• INPUT:
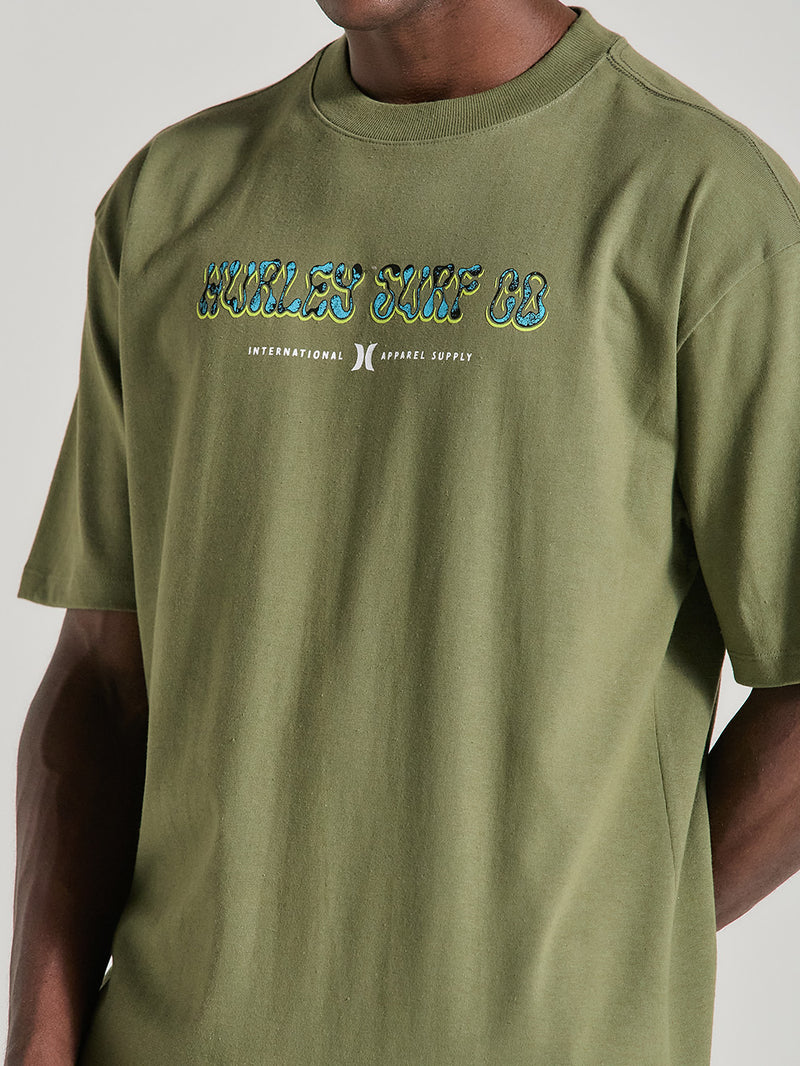Close da camiseta de algodão oversized verde militar manga curta com estampa "Hurley Surf Co." em lettering estilizado e fontes adicionais abaixo.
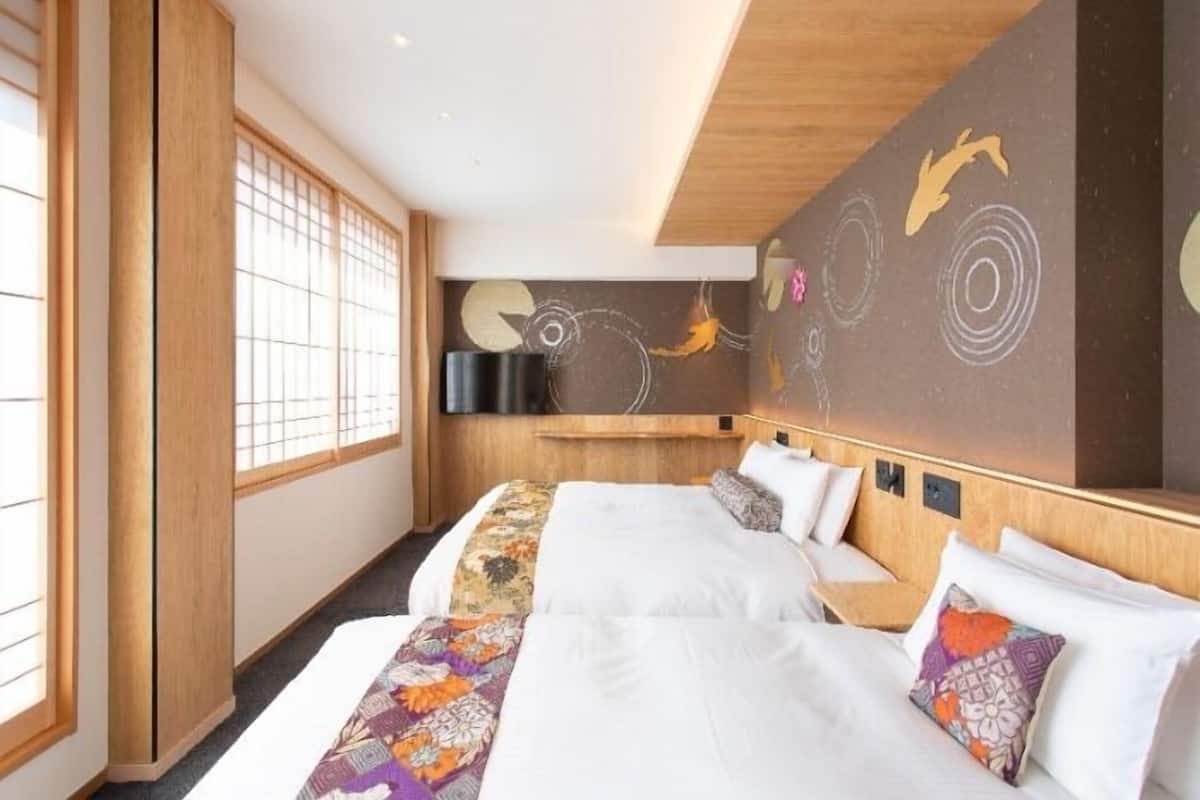 Una habitación de hotel con un ventanal grande, una cama con ropa de cama blanca, una colcha de colores y una pared decorada con arte abstracto.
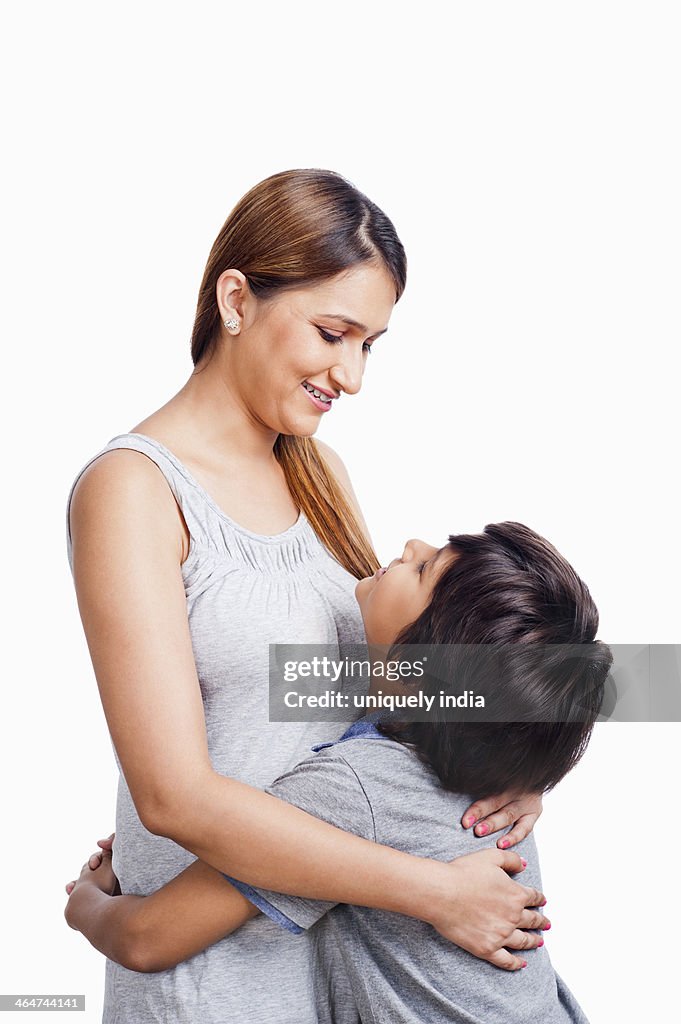 Woman and her son hugging each other and smiling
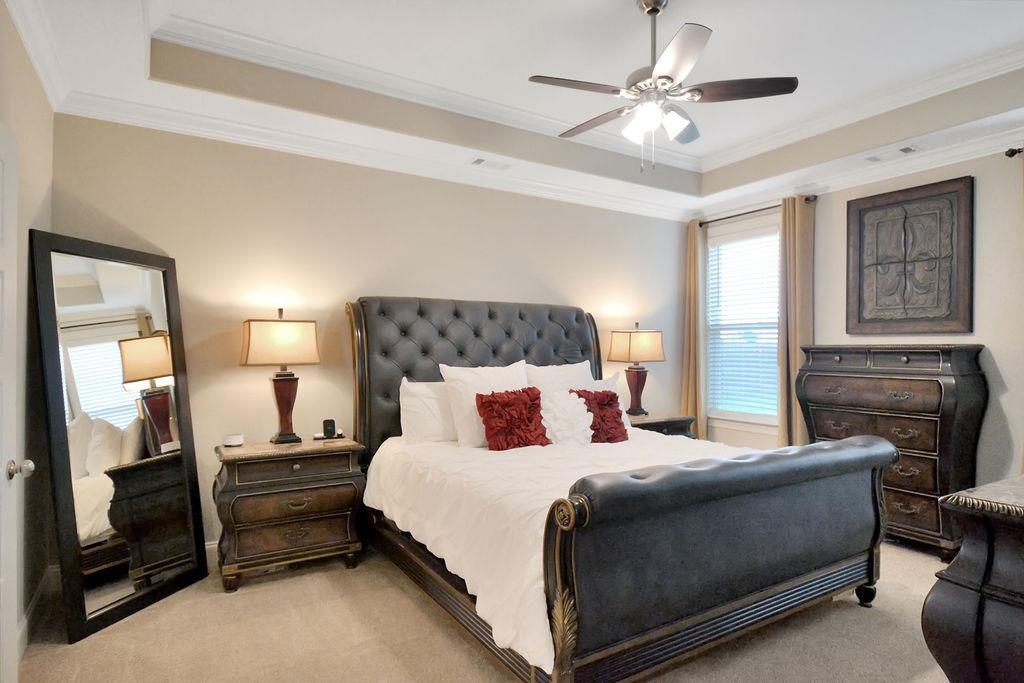 70 Trinity Cove Atoka, TN 38004 - Photo 6 of 20 a bedroom with a bed and a chandelier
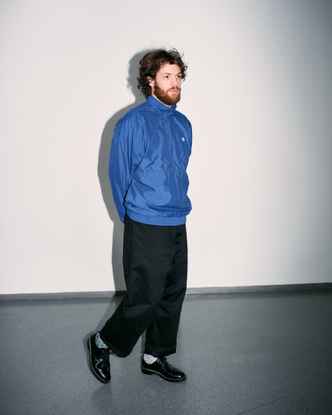 Portrait of Marlon Bienert with a blue jacket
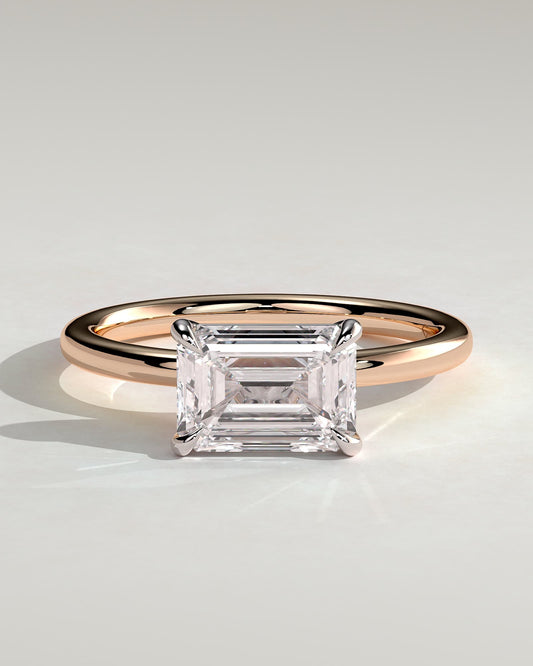 Debbie - Emerald East West Claw Solitaire Engagement Ring - Rose Two-Tone
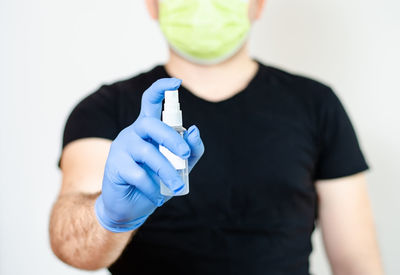 Midsection of man holding hands against wall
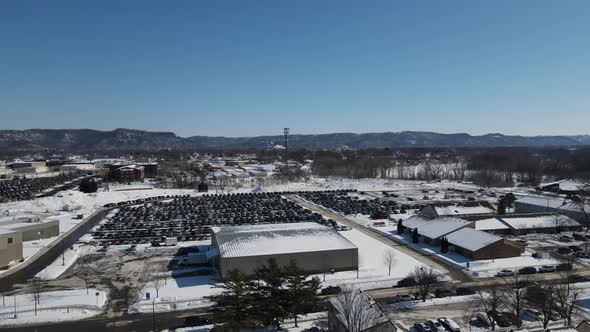 Aerial landscape view of snow covered valley with bright blue sky on a cold winter day.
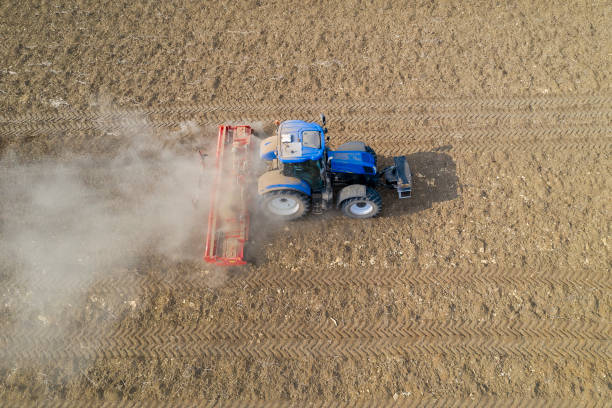 istock Tractor Working on Field, Aerial View 1396556246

• TASK BRIEF:
Every record above must be repeated exactly, with the pictures dropped.

• EXERCISE ANSWER:
Close da camiseta de algodão oversized verde militar manga curta com estampa "Hurley Surf Co." em lettering estilizado e fontes adicionais abaixo.
 Una habitación de hotel con un ventanal grande, una cama con ropa de cama blanca, una colcha de colores y una pared decorada con arte abstracto.
 Woman and her son hugging each other and smiling
 70 Trinity Cove Atoka, TN 38004 - Photo 6 of 20 a bedroom with a bed and a chandelier
 Portrait of Marlon Bienert with a blue jacket
 Debbie - Emerald East West Claw Solitaire Engagement Ring - Rose Two-Tone
 Midsection of man holding hands against wall
 Aerial landscape view of snow covered valley with bright blue sky on a cold winter day.
 istock Tractor Working on Field, Aerial View 1396556246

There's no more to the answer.